L’AMOUR DE  L’ART EN HERITAGE

Mariano Fortuny y Madrazo nait à Grenade en 1871 et meurt à Venise en 1949. Très jeune, il perdit son père,  peintre renommé, passionné de musique et collectionneur d’objets et de tissus anciens qui puisa en Orient ses sources d’inspirations. L’enfance de Mariano fut bercée par le souvenir et l’admiration de sa mère pour son mari et, si l’on ajoute que son grand père  maternel avait été directeur du musée du Prado,  qu’une partie de son adolescence se passa entre  Rome, Naples et Paris, le jeune garçon bénéficia d’une éducation artistique à la démesure de son talent.  Cecilia de Madrazo  lui transmit le goût des belles étoffes à travers sa collection étonnante décrite avec une exquise délicatesse par Henri  Régnier dans Altana ou la vie vénitienne.

Mariano Fortuny y Madrazo

«   Voici les pesants velours de Venise, de Gênes ou de l’Orient, somptueux et délicats, éclatants ou graves, à amples ramages, à figures ou feuillages, des velours qui ont peut-être vêtu des Doges et des Khalifes. Voici les brocarts aux tons puissants, les soies aux nuances subtiles, voici des ornements d’église et des parures de cour. Voici les charmants taffetas et les luisants satins, semés de fleurettes et de bouquets dont le XVe siècle faisait les robes de ses femmes et les habits de ses hommes. Voici des étoffes de toutes les teintes et de tous les tissus, les uns évoquant la forme des corps qu’elles ont vêtus, les autres en longues pièces et en lés, certaines en lambeaux, en minces fragments. Et tout cela avec des froissements d’ailes invisibles s’entassant, s’amoncelant dans la vaste salle peu à peu assombrie par l’heure, tandis que, penchée sur le profond coffre inépuisable, madame Fortuny semble diriger de son geste magicien l’étonnant concert d’étoffes qui, au fond de ce vieux palais, se joue mystérieusement dans le silence du crépuscule vénitien. »  

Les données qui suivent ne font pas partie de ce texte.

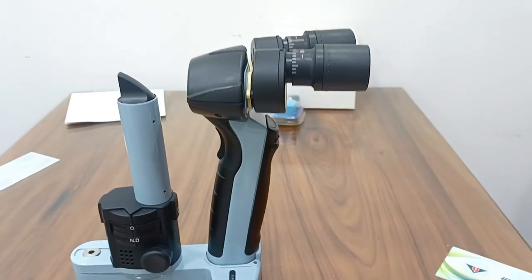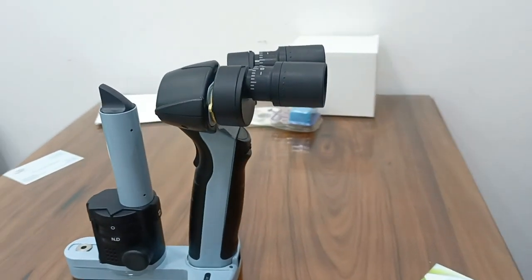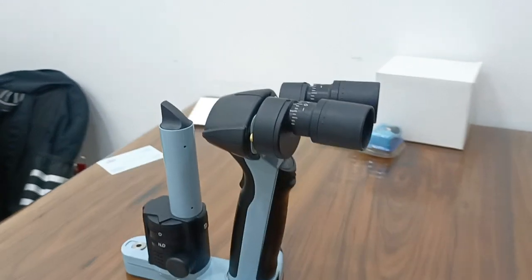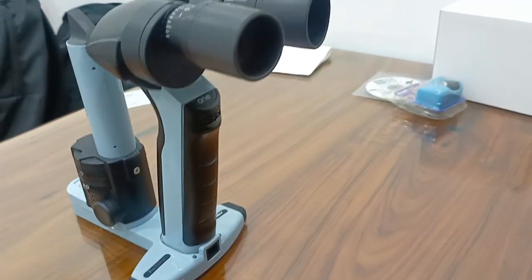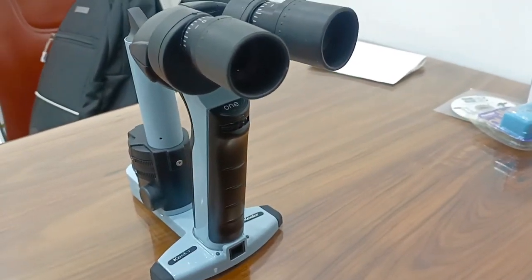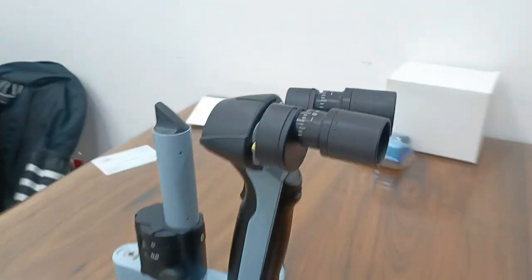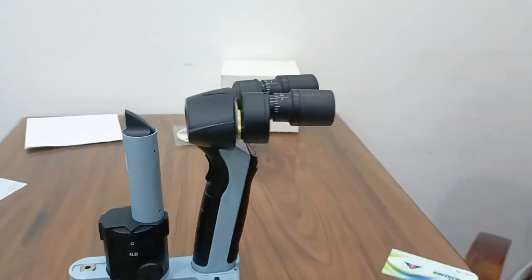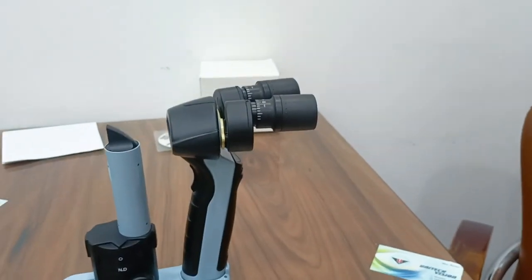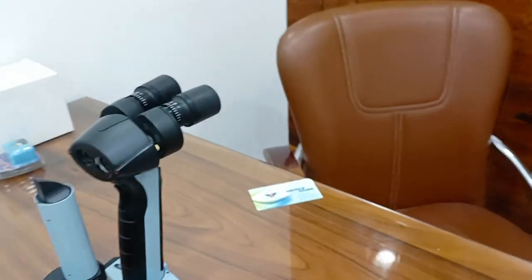Portable slit lamp made by Keeler UK with 10x magnification, fixed objective lens, working distance 100mm, and field of view 16mm.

L ‘ECCLECTISME EN REFÉRENCE

Cette proximité avec l’univers artistique est perceptible dans la diversité de sa production. Compte tenu de la multitude de ses  talents et de ses centres d’intérêts,  son séjour à Paris dans les années 1880 fut des plus profitables. Il suivit des cours de peinture et étudia, en parallèle, la réflexion de la lumière sur les tissus qu’il mit en pratique en renforçant l’effet visuel des costumes de scène ; il améliora aussi ses connaissances en matière de  photographie. Un vaste  programme qui résume sa carrière. Le commun des mortels reste quelque peu perplexe devant un tel prodige que d’aucuns surnomment le Léonard Da Vinci du XX e siècle. 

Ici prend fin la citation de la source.